Bei der IP tragt ihr nun einfach statt dem X eine beliebige Zahl zwischen 0 und 255 ein. Achtet darauf das ihr nicht die gleiche Ziffer am Ende verwendet. 

Gruß


----------



## Jakob (29. Dezember 2009)

Es geht aber auch über Wlan.
Die Pings sind minimal höher, aber ist nicht spürbar.


Wie wärs mit Wildlifepark? 

EDIT: WLP hat keinen MP seh ich grad.


----------



## Bioschnitzel (29. Dezember 2009)

Flatout 2, Company of Heroes, eigentlich fast jedes Spiel hat ein Multiplayer Modus, einfach mal die Regale durchschauen


----------



## ninetysix (29. Dezember 2009)

Also mein Router ist ein speedport w 700v von Telekom...
Geht das DAmit auch? Der hat 4 LAN steckplätze…


----------



## Bioschnitzel (29. Dezember 2009)

Jop, wie gesagt mit einem Crossover kannst du die PC`s direkt verbinden


----------



## ninetysix (29. Dezember 2009)

also ist so ein Crossover ein muss? Krieg ich das auch bei mm?


----------



## Bioschnitzel (29. Dezember 2009)

nein kein Muss, aber einfacher. 

Bei der anderen Variante über den Router brauch man halt 2 Kabel anstatt eines. 

Crossoverkabel bekommst du eigentlich in jedem Computergeschäft, auch im MM


----------



## ninetysix (29. Dezember 2009)

Also läuft das Crossover gar nicht über den router?


----------



## Bioschnitzel (29. Dezember 2009)

nein, 

1 Kabel 
2 PC`s 

Mehr ist nicht notwendig. 

Das Kabel hat 2 Enden, und an jedes Ende kommt ein PC. Denkbar einfach oder?


----------



## feivel (29. Dezember 2009)

ne..vergiss das mit dem crossoverkabel
für dich als anfänger in diesem thema ist es viel einfacher dir einfach ein zweites netzwerkkabel zum router zu legen

beide PCs mit Router verbinden (dein Speedport von der Telekom) und gut ist.

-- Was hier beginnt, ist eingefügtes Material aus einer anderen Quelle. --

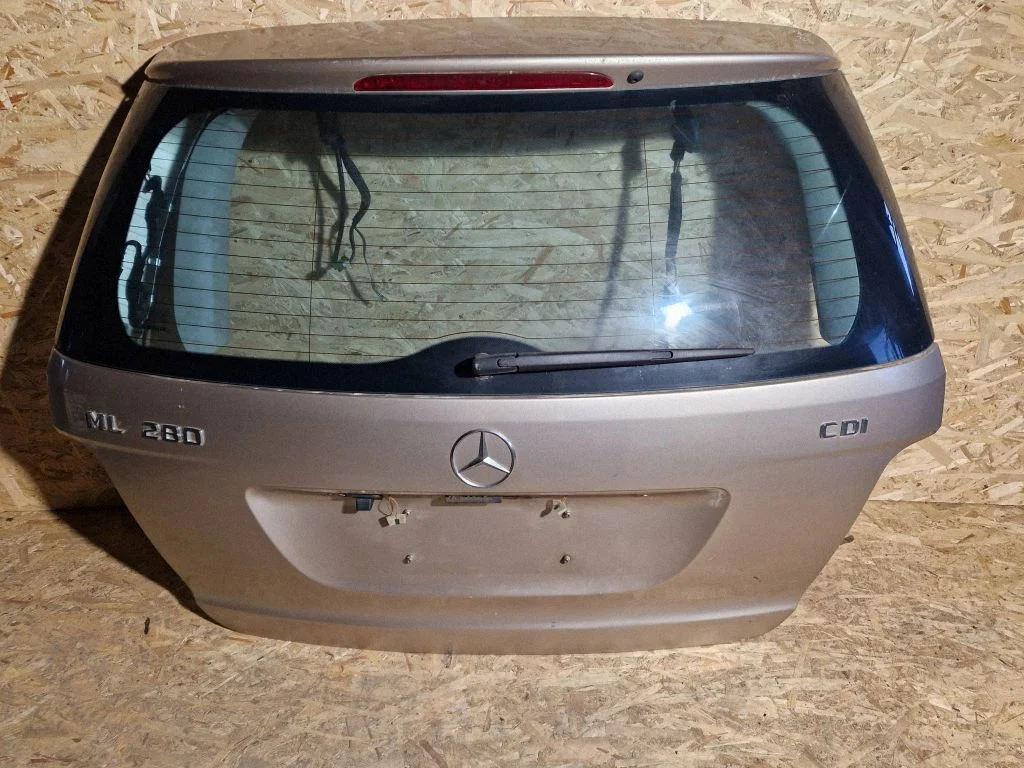 Tailgate/trunk/boot lid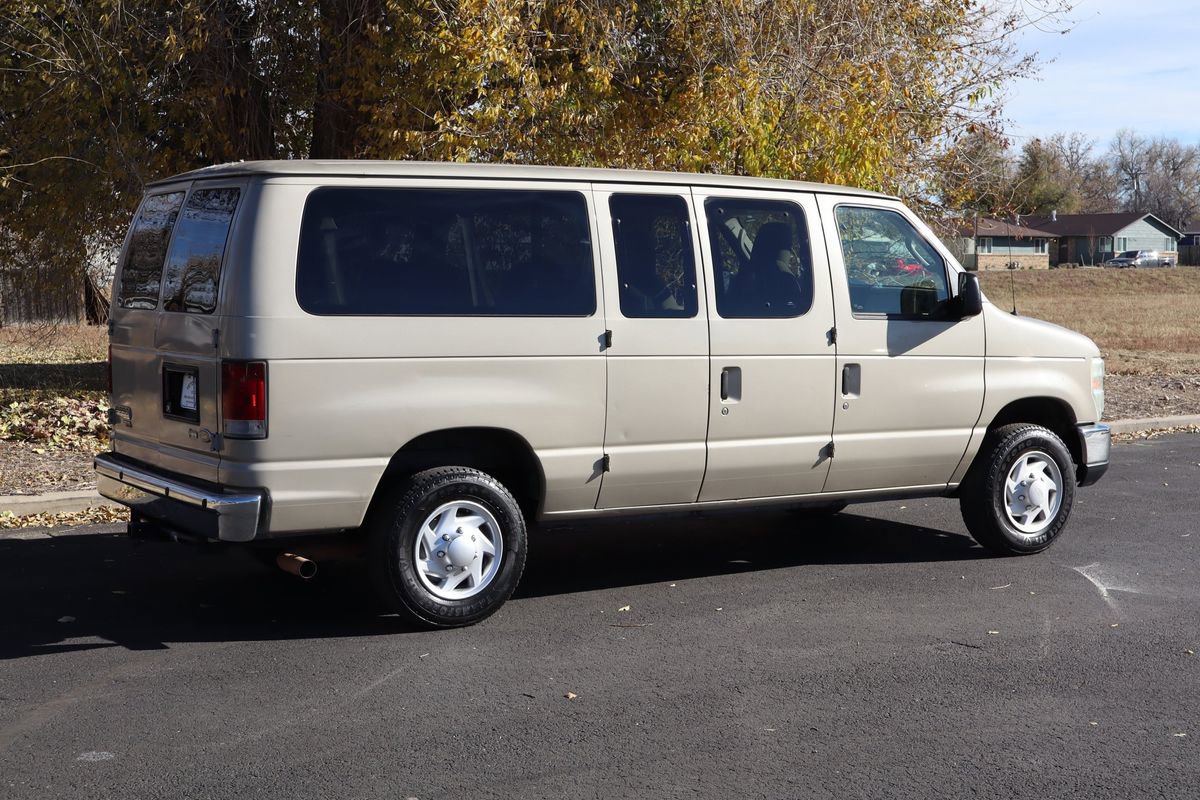 Used 2009 Ford E-350 and Econoline 350 Super Duty Wagon image 4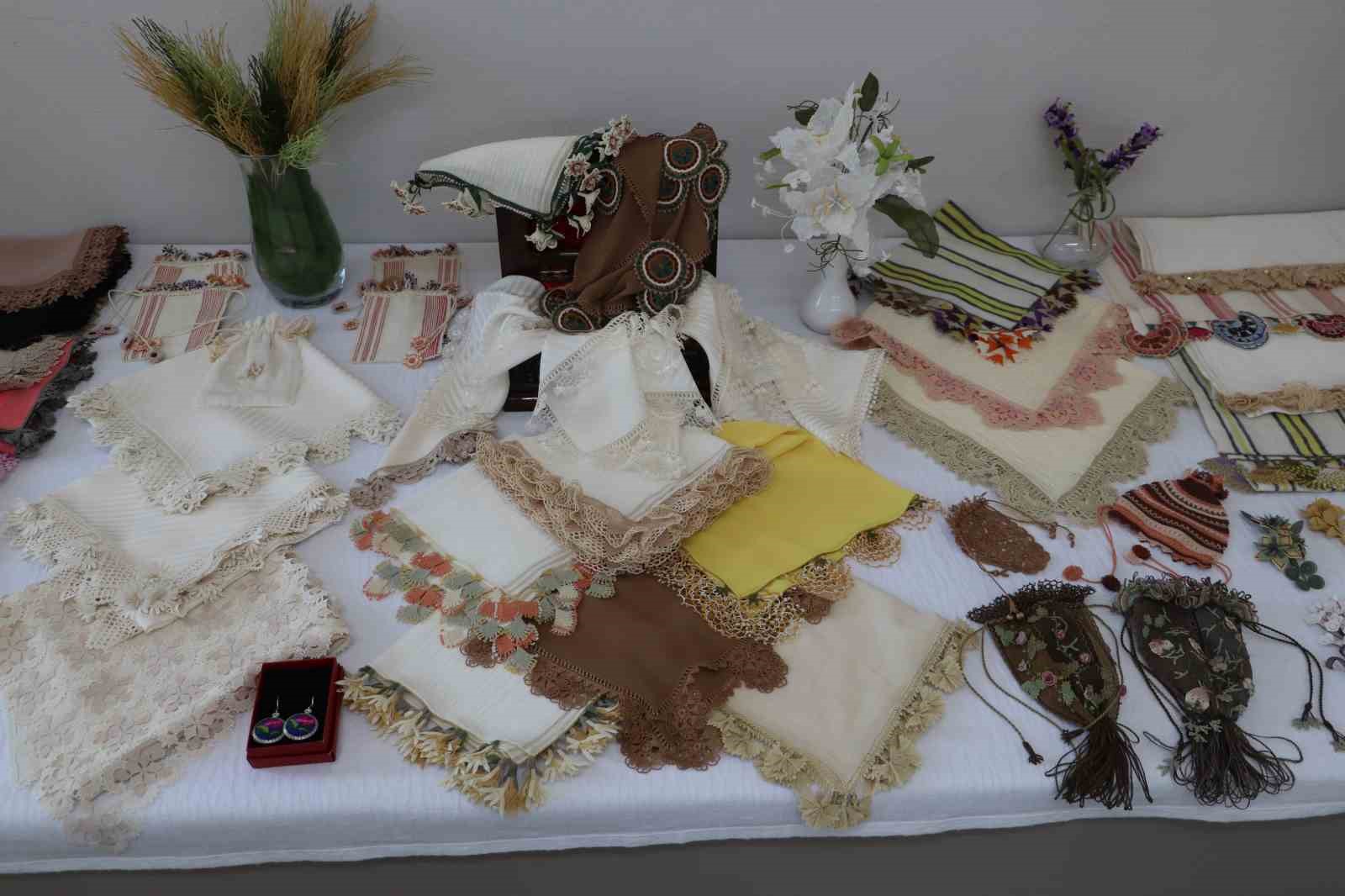 Bir iğne ve bir iplikle kültür mirasını geleceğe taşıyorlar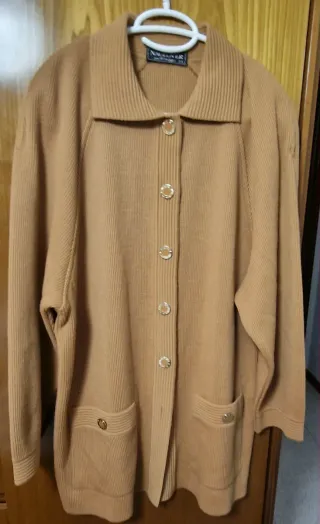 Cárdigan marrón con cuello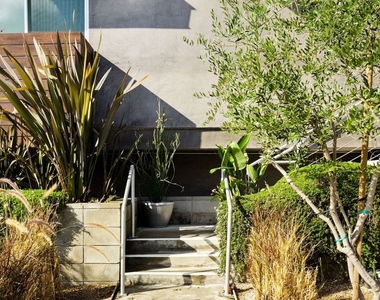 333 S Wilton Place - Photo Thumbnail 2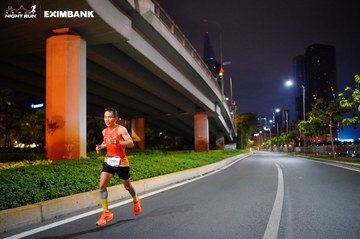 HO CHI MINH CITY NIGHT RUN EXIMBANK 2024 - Ảnh #1988489
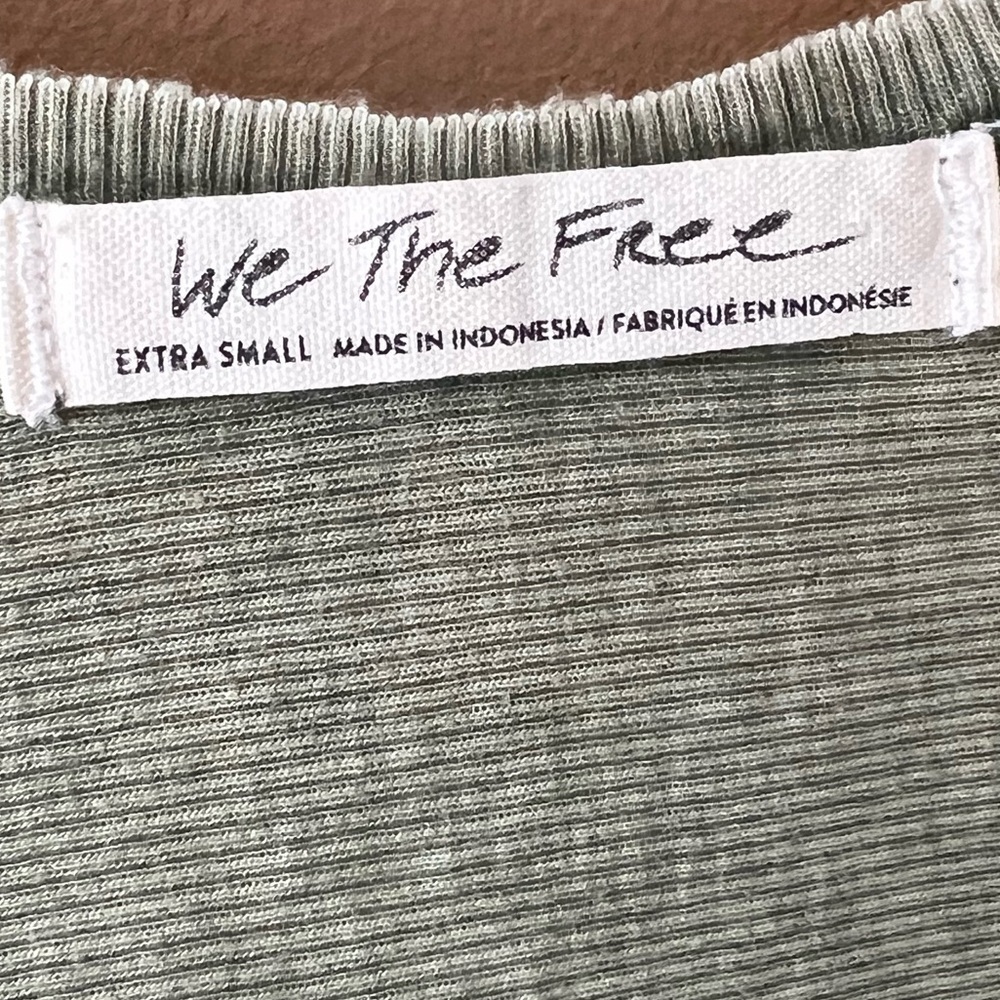 We The Free Free People Catch Waves Burnout Tee Women's Green V-Neck Top Size XS - Picture 4 of 13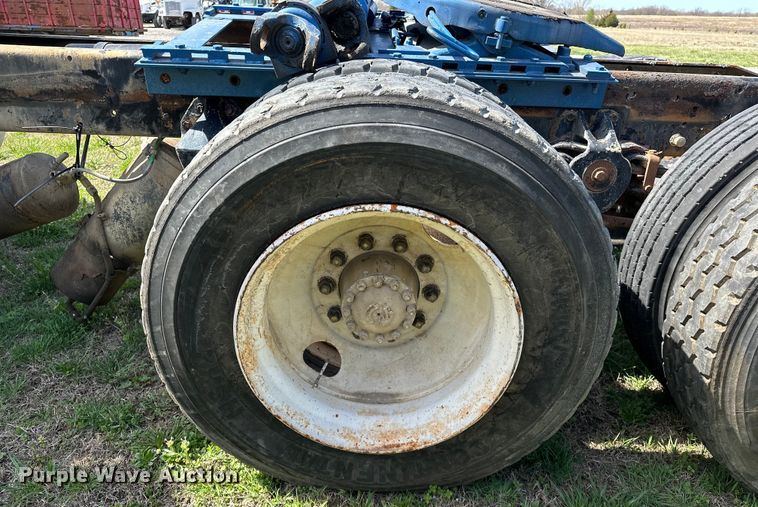 image for item OM9993 1981 Freightliner  FLC semi truck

da dieser automatisch dann auch ipadressen verteilt musst du dir darüber auch keine Gedanken mehr machen.
Crossoverkabel heutzutage als Privatperson noch zu besorgen ist völliger Schwachsinn...sry.


----------



## ninetysix (29. Dezember 2009)

also bem router war nen kabel dabei(gelb)
passt halt in den router und in den lanport meines notebooks,
geht das damit auch???


----------



## Nucleus (29. Dezember 2009)

ninetysix schrieb:


> mein freund und ich wollen sylvester irgendwas gegeneinander zocken, aber was?



Wie wärs mit "Reich mir die Pulle 4", oder "Ex oder nie wieder Sex 2", oder "Modern Partyfair"?

*Es ist Silvester - geht raus und feiert! *

@Topic

*Soldat* ist ein geiles Fun-Spiel


----------



## ninetysix (29. Dezember 2009)

danke, also einfach mit dem router verbinden und gut ist...


----------



## ninetysix (29. Dezember 2009)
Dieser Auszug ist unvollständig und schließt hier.